One detail that saves money over time: lines move frequently based on injury news, betting volume, and sharp action. A line that opens at +115 may drop to +105 or even -105 by tip-off. Placing your bet early when you spot value, rather than waiting until right before game time, often locks in a better number.
Moneyline Betting Tips and Common Mistakes to Avoid
Getting the basics right is step one. Applying smart habits from the start protects your bankroll and gives you a real shot at long-term profitability. Here are the most actionable tips and the most damaging mistakes in moneyline betting.
Tips That Actually Move the Needle
Shop every line before you bet. Different sportsbooks price the same game differently, sometimes by 10 to 20 cents on the moneyline. A +120 at one book versus +110 at another is a real difference in money returned over time. Use the BettingOffice Consistency Index to identify reliable teams that deliver predictable performance, which helps you narrow your line shopping to games with genuine edge.
Look for underdog value in divisional matchups and situational spots. Teams with strong home records, favorable rest advantages, or matchup-specific strengths are frequently underpriced as underdogs by a public that follows narrative rather than data. Keep a running log of every bet you place, including the line, the result, and your pre-bet rationale. Tracking your bets is the only way to identify patterns in where you win and lose.
Common Mistakes That Drain Bankrolls
The single most common mistake among casual bettors is blindly backing heavy favorites. A team priced at -300 wins frequently, but those wins return very little. One unexpected loss can wipe out three or four previous wins. Heavy favorites are not bad bets by definition, but they are only worth betting when your own probability estimate exceeds the implied probability by a meaningful margin.
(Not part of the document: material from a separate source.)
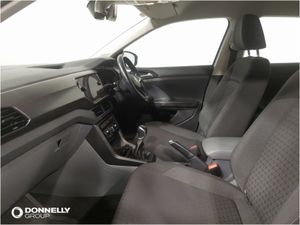 Volkswagen T-cross Estate SE - Image 3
Betting too many games in a single day is another consistent mistake. More bets means more juice exposure and less focus on identifying genuine value. Sharpen your selection process and focus on the games where your research produces a clear edge. Chasing losses by increasing bet size after a losing run destroys bankrolls faster than any other behavior in sports betting. Set a flat unit size, stick to it, and trust the process over a long sample of bets.